Well now, didn’t this add some spice to this series?

*

As the Saturday evening game time approached, the big concern for everyone involved was the weather. The forecast for Philly and environs was for steady rain and a postponement of this opener. It wasn’t a case of a weather cell that might pass through and allow for eventual baseball. It looked like it would be the kind of rain that would linger for a long while and force the teams to have to start on Sunday afternoon.


Indeed, early on Saturday morning, rain poured on Veterans’ Stadium. It continued through the day until it finally abated around 6 pm. But as the rain went away, the temperatures began to fall. And it got colder as the minutes went by.
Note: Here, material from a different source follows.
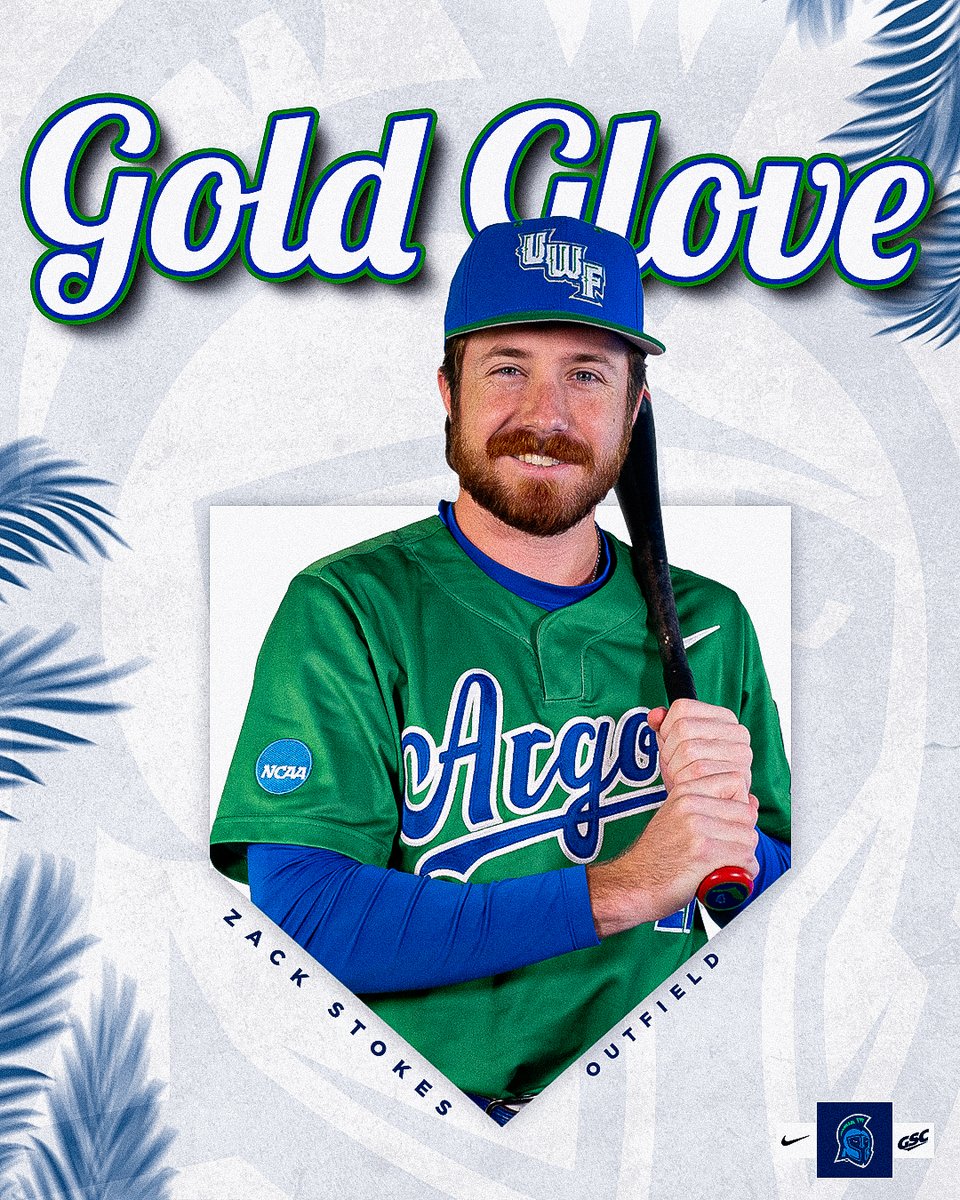 UWF_Baseball's tweet photo. Stokes gets on the Gold Glove team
According to people who were there, the rain just made the hard artificial turf get even faster. Sparky Anderson was out there after the tarps were removed, making sure that the dirt patches around the bases were not softened up. Sparky wanted every surface to be as fast as possible for his burners. “We must take the game to them,” Anderson said.


Pete Rose was the first batter of the game and on Steve Carlton’s first pitch, Rose and the Reds were taking the game to Philadelphia. Rose lashed that first toss into left-center field and, the hustle guy that he always was, he sped around first and dove head-first into second with a lead-off double. But Carlton managed to get around that. It was a bit convoluted, but the old lefthander got around it.


After Rose’s double, Carlton got Ken Griffey on strikes. But then he walked Joe Morgan and Tony Perez to load the bases. At this point, the Phils congregated on the mound and their bullpen began to scurry to life. George Foster was up next, and Carlton got him to strikeout, and he induced Johnny Bench to pop up to Larry Bowa at short. The crisis was averted – for now.


It was the Phillies turn to bat now and Dave Cash led things off. Like Rose, Cash started his team off by hitting a double. Garry Maddox hit a grounder to short and Cash broke right away. Maddox was out at first, but Cash was at third with only one out. For Mike Schmidt, the task was clear. Get a ball high enough and far enough to score Cash. He did that by flying out to Geronimo in centre, scoring the game’s first run.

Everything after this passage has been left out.